_TASK REQUIREMENTS_: Each line below should be repeated exactly as written, with no pictures carried over.

Top of INFORMATION GIVEN

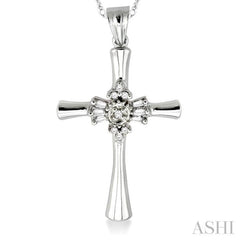 1/6 Ctw Baguette and Round Cut Diamond Cross Pendant in 14K White Gold with Chain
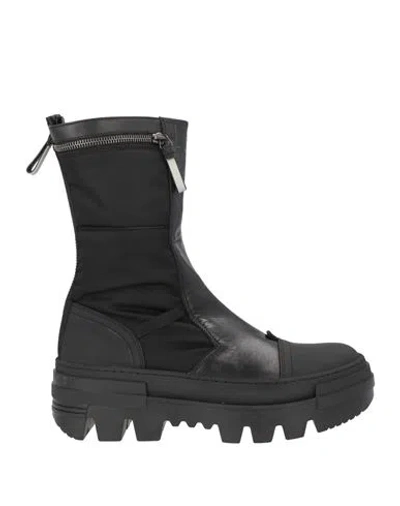Premiata Woman Ankle Boots Black Size 8 Textile Fibers, Synthetic Material, Leather
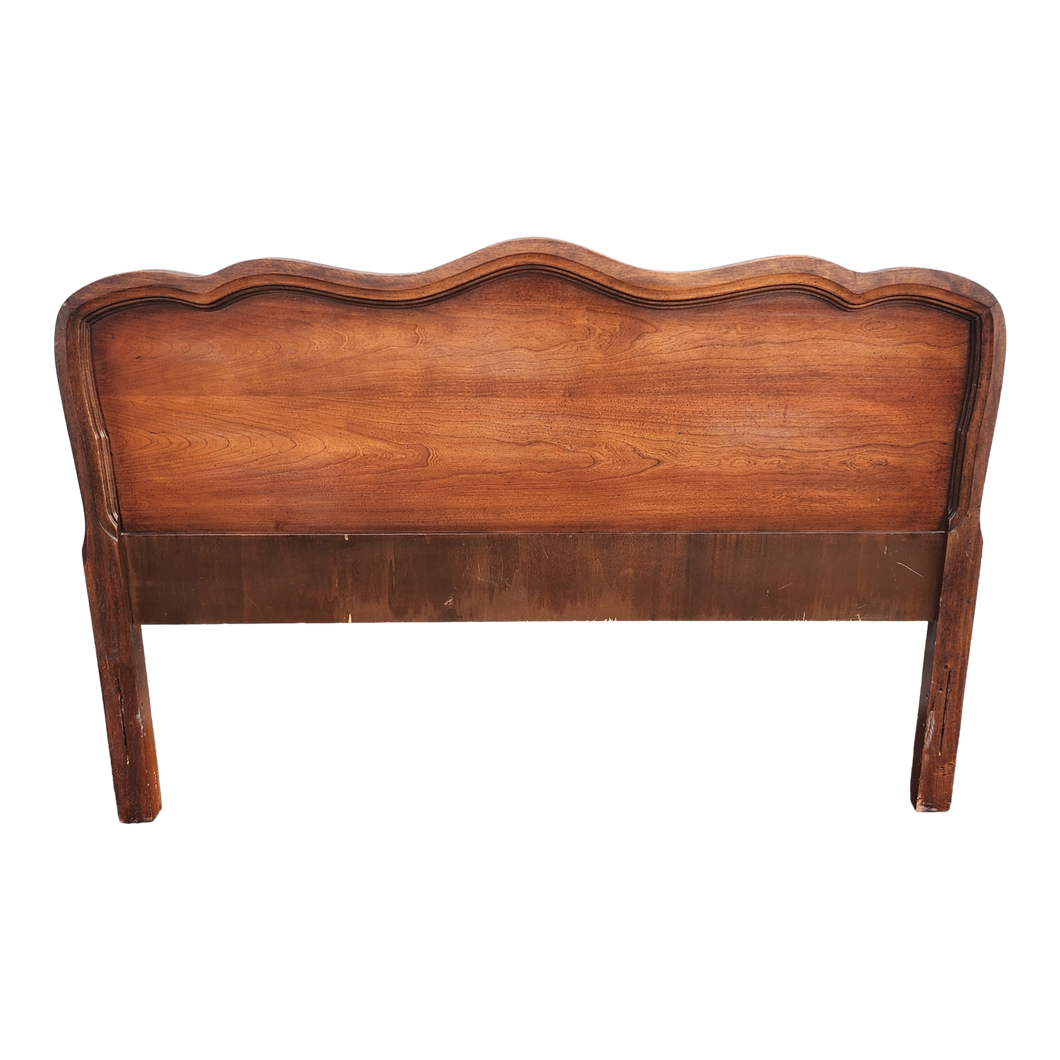 Vintage Simple Scalloped French Provincial Full Sized Headboard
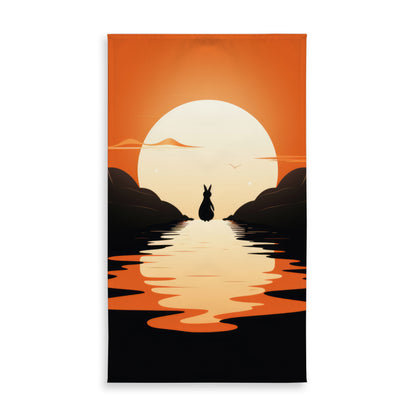 Running away Black Indoor Outdoor Tablecloth for Home Decor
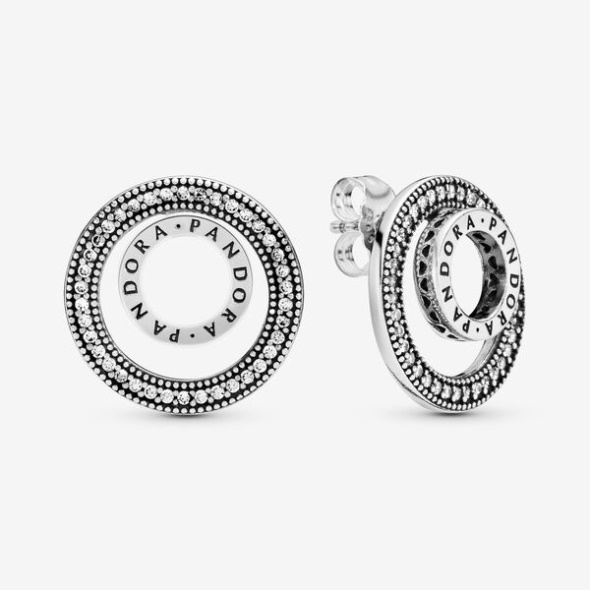 Pandora CA Logo Circle Stud Earrings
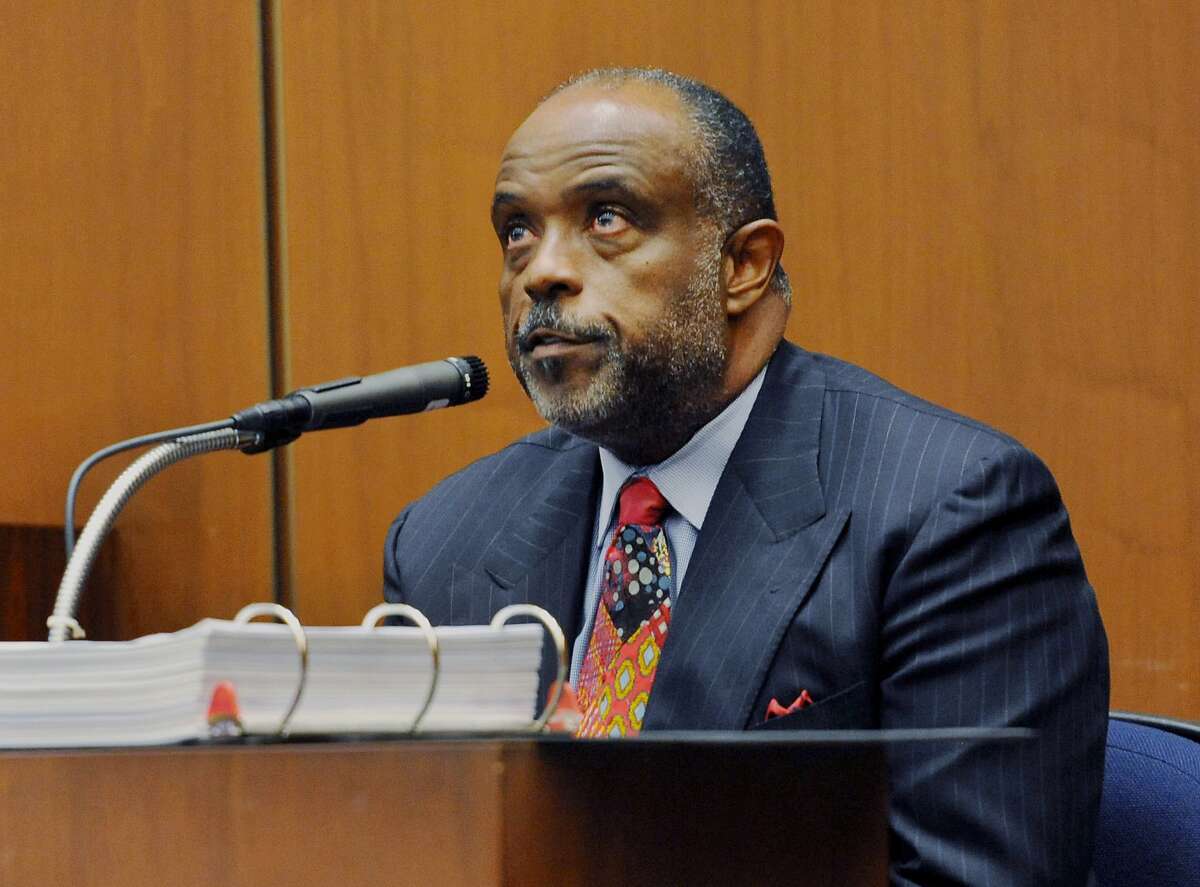 FILE - In this Thursday, Jan. 16, 2014, file photo, State Sen. Roderick Wright, D-Inglewood takes the stand during his perjury and voter fraud trial at Los Angeles Superior court. Roderick Wright has been convicted in a perjury and voter fraud case. A Los Angeles County Superior Court jury returned the verdict Tuesday, Jan. 28, 2014, on eight counts against the Democrat. Prosecutors said Wright sought to appear to have moved into an Inglewood property he owned in order to run in what at the time was the 25th Senate District but he actually lived outside the district. (AP Photo/The Daily Breeze, Stephen Carr)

Bottom of INFORMATION GIVEN

_EXERCISE RESPONSE_:
 1/6 Ctw Baguette and Round Cut Diamond Cross Pendant in 14K White Gold with Chain
Premiata Woman Ankle Boots Black Size 8 Textile Fibers, Synthetic Material, Leather
 Vintage Simple Scalloped French Provincial Full Sized Headboard
 Running away Black Indoor Outdoor Tablecloth for Home Decor
 Pandora CA Logo Circle Stud Earrings
 FILE - In this Thursday, Jan. 16, 2014, file photo, State Sen. Roderick Wright, D-Inglewood takes the stand during his perjury and voter fraud trial at Los Angeles Superior court. Roderick Wright has been convicted in a perjury and voter fraud case. A Los Angeles County Superior Court jury returned the verdict Tuesday, Jan. 28, 2014, on eight counts against the Democrat. Prosecutors said Wright sought to appear to have moved into an Inglewood property he owned in order to run in what at the time was the 25th Senate District but he actually lived outside the district. (AP Photo/The Daily Breeze, Stephen Carr)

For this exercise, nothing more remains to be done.